Simply this: through three decades of association with – and running interference for – DC’s kleptocracy, Ms. Norton has checked her ideals at the door. Even worse than her lack of meaningful action to check the machine’s abuses of power, she has spearheaded the most scandalous notion of all: transforming this morally bankrupt one-party dynasty into a 51st state.
In pursuing this silly abstraction in the name of voting “rights,” Ms. Norton is not only contemptuously carrying water for the ceremonious swindlers treating the District as their personal piggy bank. She is doing the bidding of latter-day constitutionalists Nancy Pelosi and Chuck Schumer.
That pair would love nothing more than to further bastardize America’s foundational document – and accelerate the permanent tipping of the balance of power heretofore pursued through uncontrolled immigration and adulteration of electoral processes – by, overnight, adding two progressive Senate seats in perpetuity.
The good news: there’s an intriguing new idealist in town – with a not-so-new but stupendously superior idea.
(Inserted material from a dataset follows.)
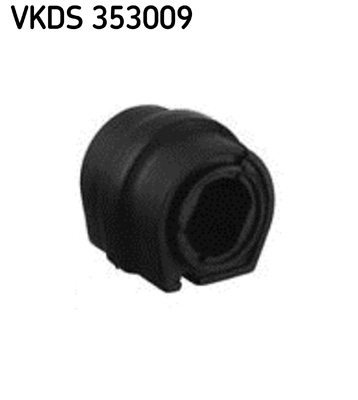 SKF VKDS 353009 csapágypersely, stabilizátor CITROËN DS PEUGEOT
This drama’s Boy Ranger act-alike, though he has lived in Washington all his life, is one David Krucoff, commercial real estate broker and independent candidate for Norton’s seat.
Krucoff seeks to fill the void left by a lack of a Republican candidate with a “Purple New Deal” reform platform: the violet shade representing his aim to employ his party-free status to “transform Congress from being ineffective and overly partisan to being effective and more non-partisan.”
Beyond the too-familiar “non-partisan” positioning, much of Krucoff’s plan does comes across as oft-promised, rarely achieved Jeff Smith-ian purple pie-in-the-sky: “Rebuild infrastructure, increase housing supply, create opportunities for students and individuals, create more legal immigration, identify and eliminate corrupt and wasteful programs.”
Although given the Socialist blood-red, as opposed to deep blue, that colors Democratic delusions in the District and elsewhere, Krucoff can be forgiven for listing to the center. And his concepts of consumer-choice-driven healthcare and a tax code that incentivizes “more capitalism, not less” could, if walked out properly, warm the hearts of moderates and conservatives alike.
Moreover, one plum-toned plank is oak-solid: “Finally win complete DC voting rights, including Senators, but without increasing the size of the Senate … by creating Douglass County, Maryland; DC for short.” In other words, a second retrocession, deeding non-federal government areas back to Maryland, as happened with DC’s Virginia portion in the 1840s, while calling forth to the cause the name of another great reformer, Frederick Douglass.
Given his 83-year-old opponent’s nearly universal name recognition and 87% of the vote in the 2018 cycle, Krucoff’s crusade may seem a lost cause. But as previously cited in this space, Jeff Smith at his lowest ebb reminded the Silver Knight that “those were the only causes worth fighting for – and “that you fight for the lost causes harder than for any others.”
“Senator Smith’s filibuster pushes Senator Paine back, full circle, to the ideals that brought him to Congress in the first place,” David “Jefferson” Krucoff wrote this commentator. “Oh, if we are to be that fortunate in Washington, D.C. this election year?”
Better yet: fortunate enough to miraculously dislodge his jaded, entrenched opponent and the surly cynicism she represents.